#### Short descriptive text snippets:
***
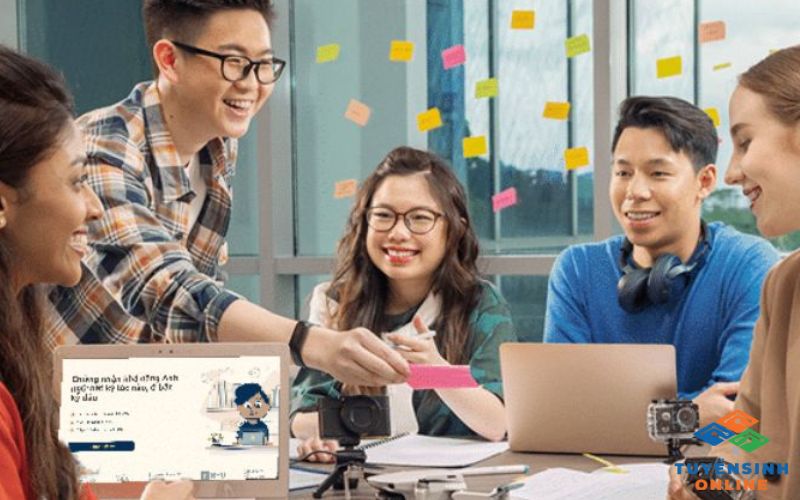 Hệ chính quy và hệ vừa học vừa làm nên chọn hệ nào?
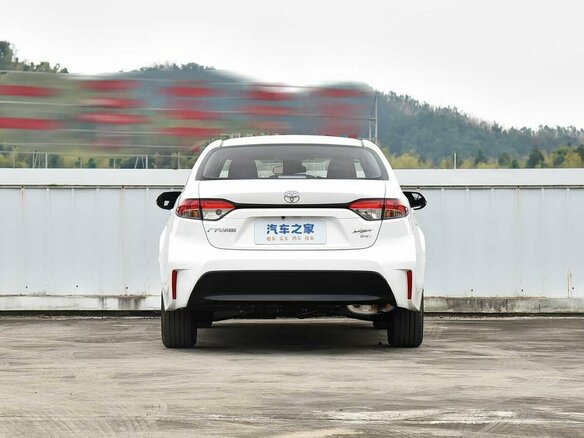 2025 Toyota Levin XII (E210) Рестайлинг, белый, 2250000 рублей - вид 3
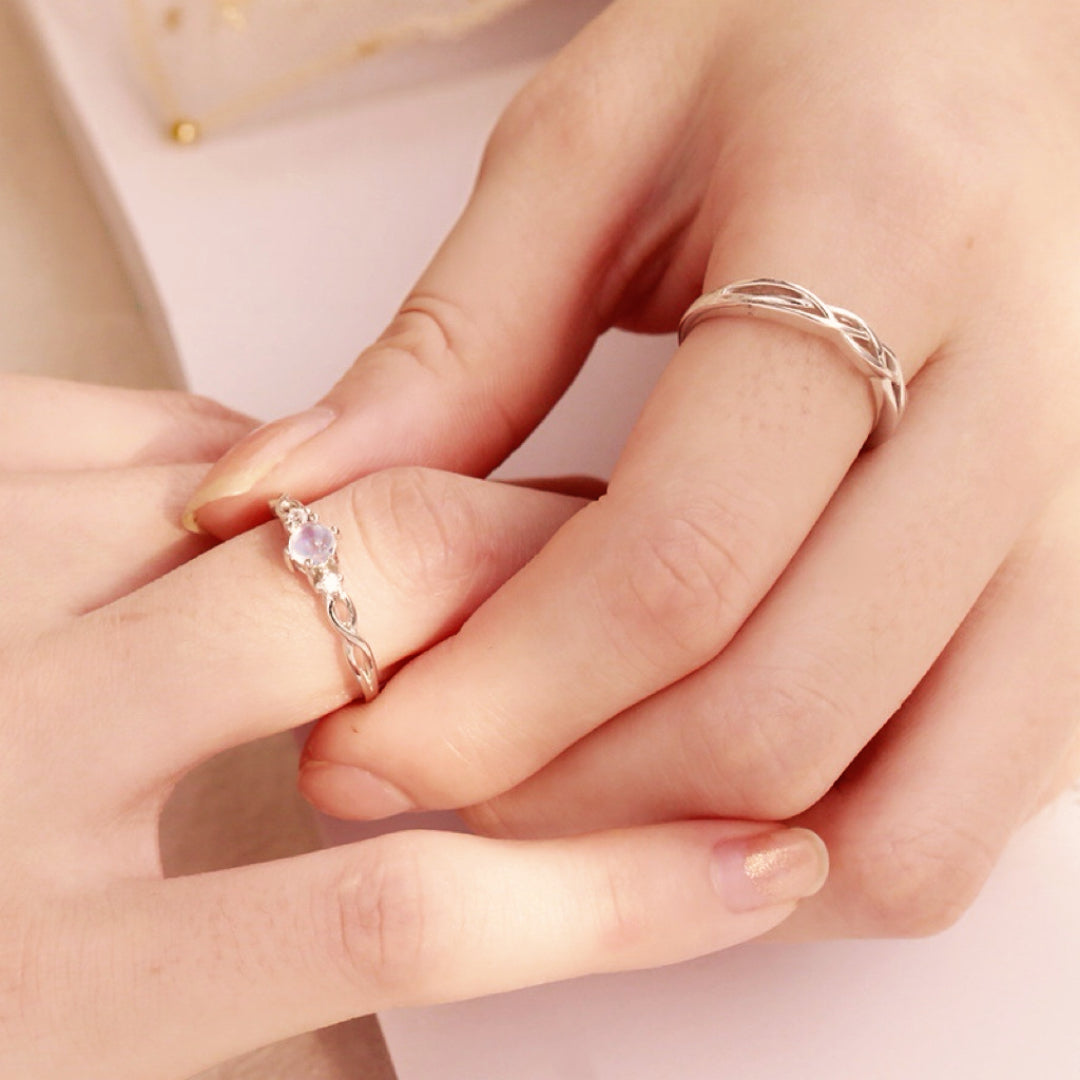 Bague couple en argent avec pierre de lune, design torsadé représentant le lien éternel.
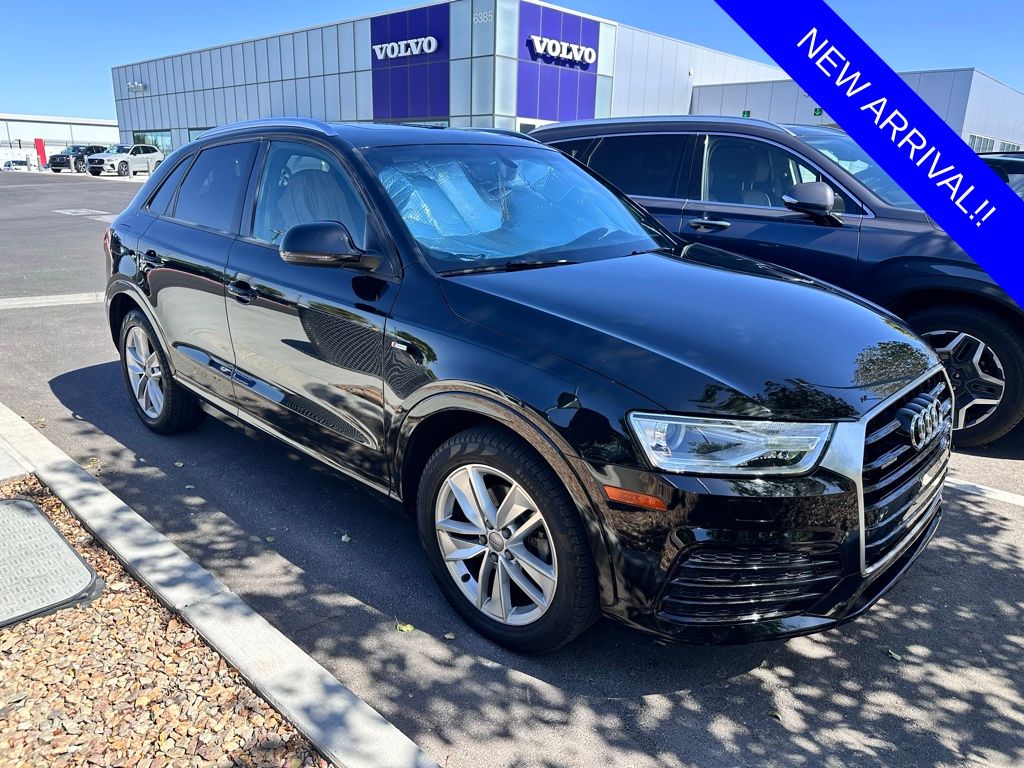 2018 Audi Q3 2.0T Premium quattro's photo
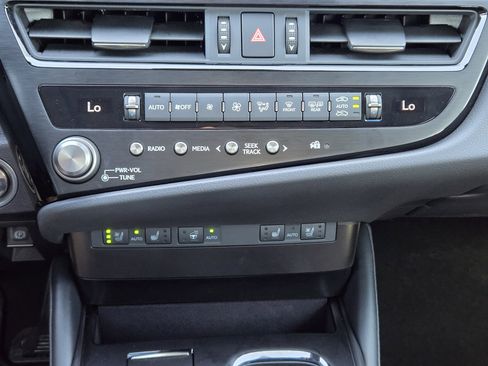 Certified 2025 Lexus ES 350 w/ Premium Package image 27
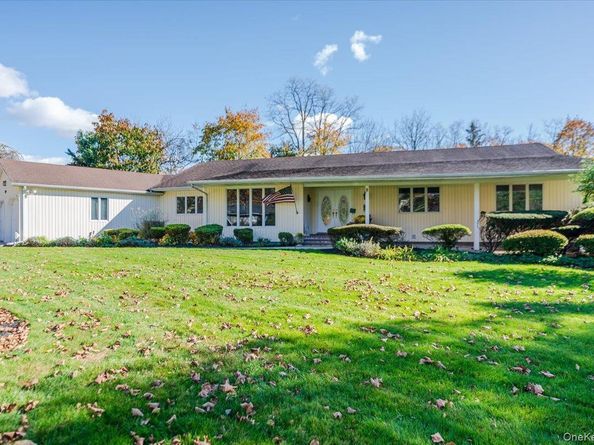 8 Penn Drive, Dix Hills NY 11746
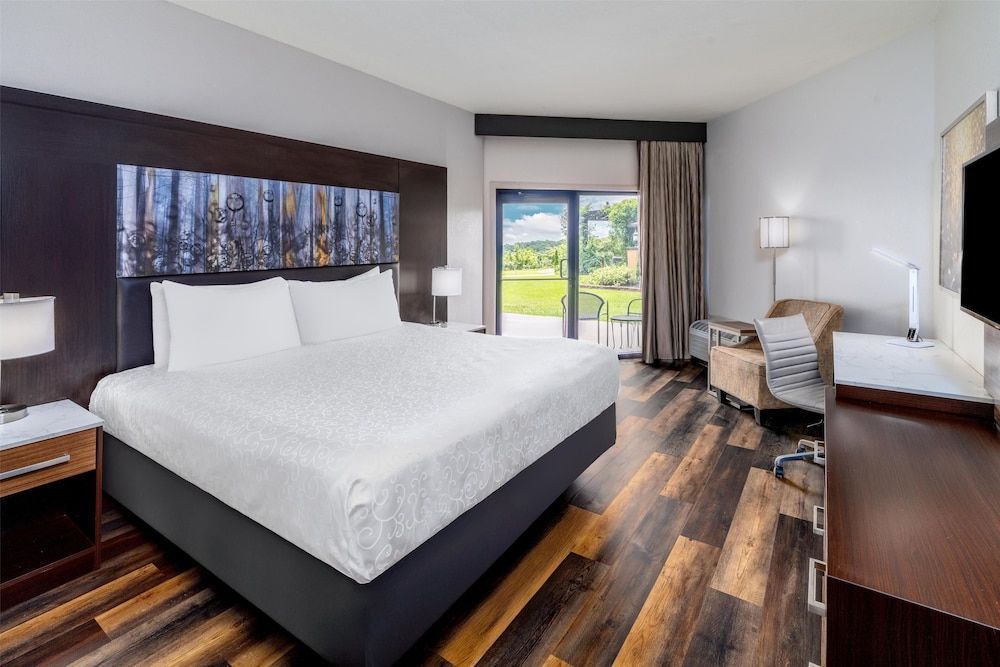Aiden by Best Western Warm Springs Hotel and Event Center 1
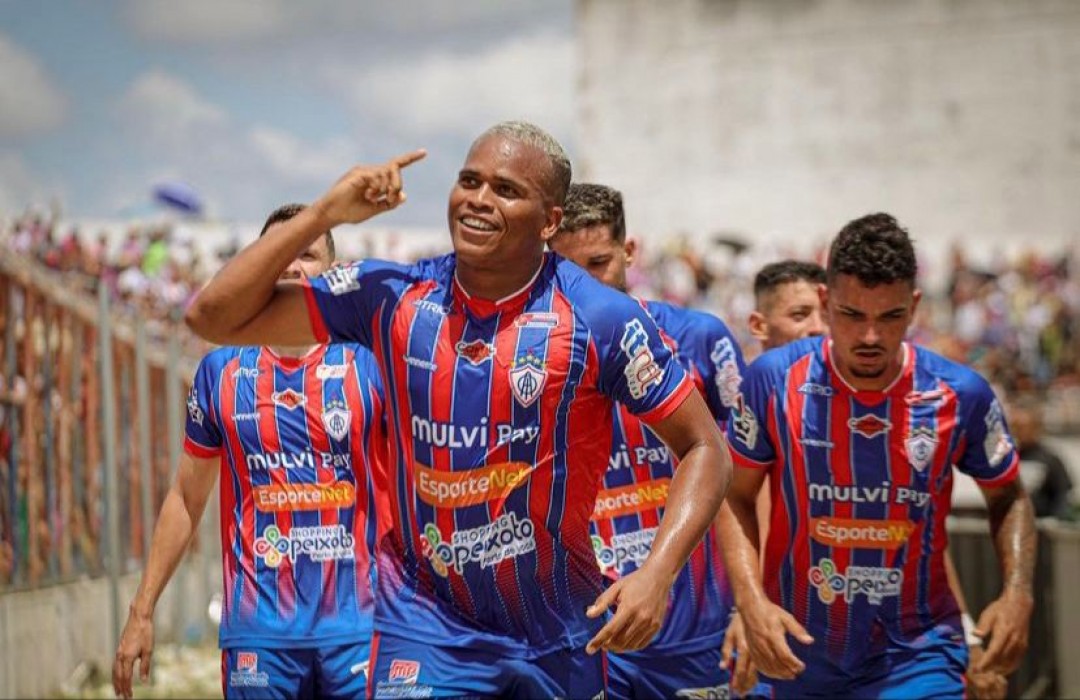 Itabaiana vence Confiança e sai na frente na semifinal do Campeonato Sergipano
***
#### EXERCISE DIRECTIONS:
Give an exact copy of the line containing "8 Penn Drive, Dix Hills NY 11746" and every line after it through the end of the entries. Pictures are to be dropped.

#### EXERCISE SOLUTION:
 8 Penn Drive, Dix Hills NY 11746
Aiden by Best Western Warm Springs Hotel and Event Center 1
 Itabaiana vence Confiança e sai na frente na semifinal do Campeonato Sergipano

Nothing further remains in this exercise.